J.P. Morgan Cazenove (which is authorised and regulated by the Financial Conduct Authority in the United Kingdom), is acting as financial adviser exclusively for Pace and no-one else in connection with the Transaction and will not be responsible to anyone other than Pace for providing the protections afforded to clients of J.P. Morgan Cazenove nor for providing advice in relation to the Transaction or any other matters referred to in this announcement.

Jefferies (which is authorised and regulated by the Financial Conduct Authority in the United Kingdom), is acting exclusively for Pace and no-one else in connection with the Transaction and will not be responsible to anyone other than Pace for providing the protections afforded to clients of Jefferies nor for providing advice in relation to the Transaction or any other matters referred to in this announcement.

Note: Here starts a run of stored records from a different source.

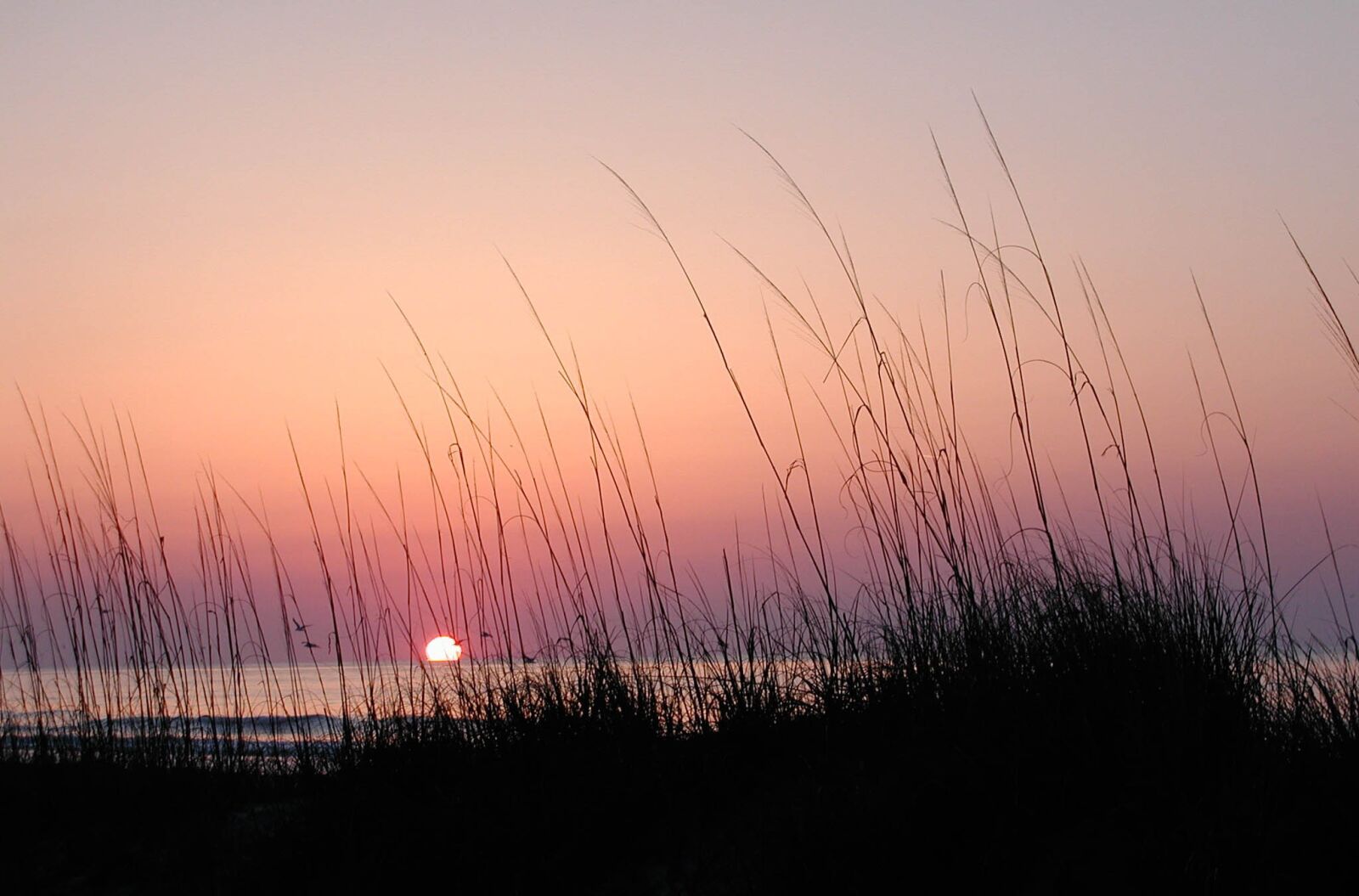 Olympus C3000Z sample photo. Sea grass, sunrise, hilton photography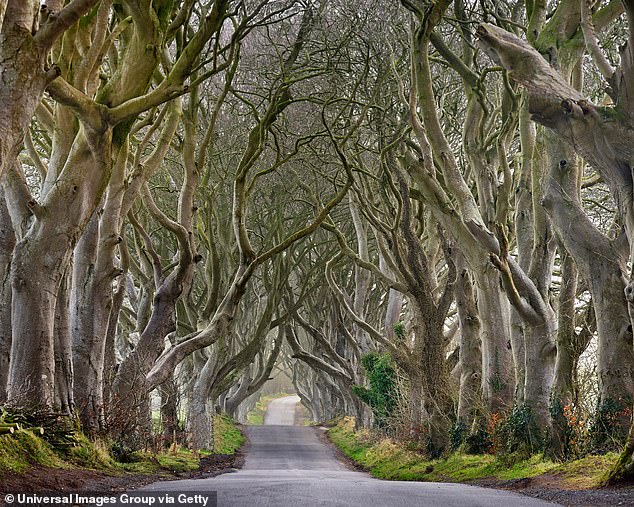 Damage: A group of beech trees made famous in the hit TV series Game of Thrones will have to be cut down because they have become dangerously unstable, safety experts say.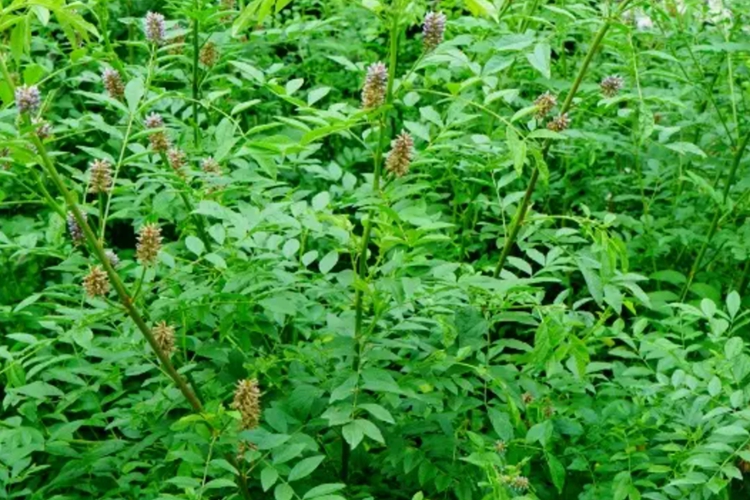 甘草植株图 甘草植株图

This announcement is for information purposes only. It is not intended to and does not constitute, or form part of, an offer, invitation or the solicitation of an offer to purchase, otherwise acquire, subscribe for, sell or otherwise dispose of any securities, or the solicitation of any vote or approval in any jurisdiction, pursuant to the Offer or otherwise nor will there be any sale, issuance or transfer of securities in any jurisdiction in contravention of applicable law.

The Offer will be made solely by means of the Scheme Document which, together with the Forms of Proxy, will contain the full terms and conditions of the Offer including details of how Pace Shareholders may vote in respect of the Offer.

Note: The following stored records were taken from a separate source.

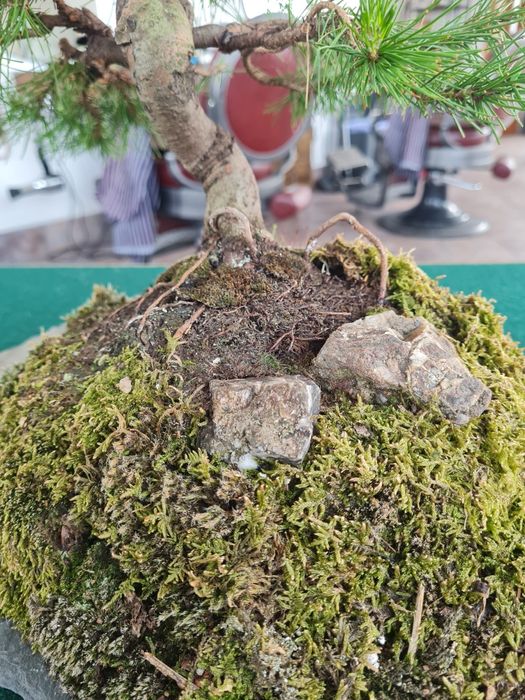 Bonsai Pinus Halepensis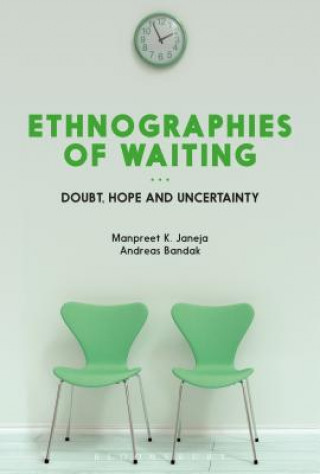 Livre Ethnographies of Waiting Manpreet J Janeja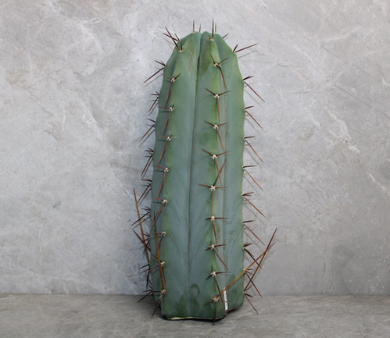 Trichocereus Sp. Volcano Cutting (25-30cm)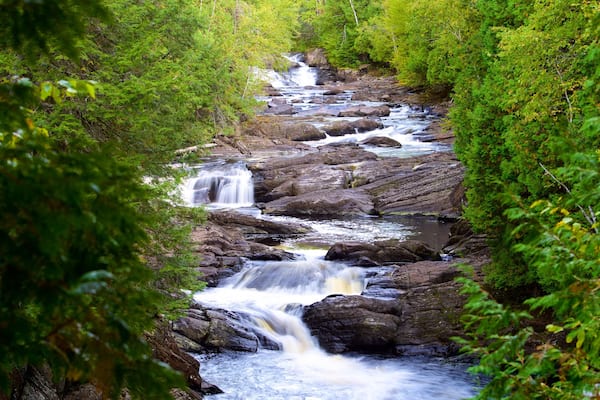 The Forks which includes rapids and rainforest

The Offer is subject to the applicable requirements of the Code, the Panel, the London Stock Exchange and the Financial Conduct Authority.

Overseas jurisdictions

The availability of the New ARRIS Shares in, and the release, publication or distribution of this announcement in or into, jurisdictions other than the United Kingdom may be restricted by law and therefore persons into whose possession this announcement comes who are not resident in the United Kingdom should inform themselves about, and observe any applicable restrictions. Pace Shareholders who are in any doubt regarding such matters should consult an appropriate independent adviser in their relevant jurisdiction without delay. Any failure to comply with such restrictions may constitute a violation of the securities laws of any such jurisdiction.

This announcement does not constitute a prospectus or prospectus equivalent document and has been prepared for the purpose of complying with English law and the Code. The information disclosed may not be the same as that which would have been disclosed if this announcement had been prepared in accordance with the laws and regulations of jurisdictions outside the United Kingdom.

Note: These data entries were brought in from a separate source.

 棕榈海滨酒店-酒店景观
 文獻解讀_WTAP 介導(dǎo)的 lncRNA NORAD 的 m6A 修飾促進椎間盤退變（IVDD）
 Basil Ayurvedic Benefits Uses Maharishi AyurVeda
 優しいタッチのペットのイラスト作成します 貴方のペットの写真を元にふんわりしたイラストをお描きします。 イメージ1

Dealing Disclosure requirements

Under Rule 8.3(a) of the Code, any person who is interested in 1 per cent. or more of any class of relevant securities of an offeree company or of any securities exchange offeror (being any offeror other than an offeror in respect of which it has been announced that its offer is, or is likely to be, solely in cash) must make an Opening Position Disclosure following the commencement of the offer period and, if later, following the announcement in which any securities exchange offeror is first identified. An Opening Position Disclosure must contain details of the person's interests and short positions in, and rights to subscribe for, any relevant securities of each of (i) the offeree company and (ii) any securities exchange offeror(s). An Opening Position Disclosure by a person to whom Rule 8.3(a) applies must be made by no later than 3.30 pm (London time (BST)) on the 10th business day following the commencement of the offer period and, if appropriate, by no later than 3.30 pm (London time (BST)) on the 10th business day following the announcement in which any securities exchange offeror is first identified. Relevant persons who deal in the relevant securities of the offeree company or of a securities exchange offeror prior to the deadline for making an Opening Position Disclosure must instead make a Dealing Disclosure.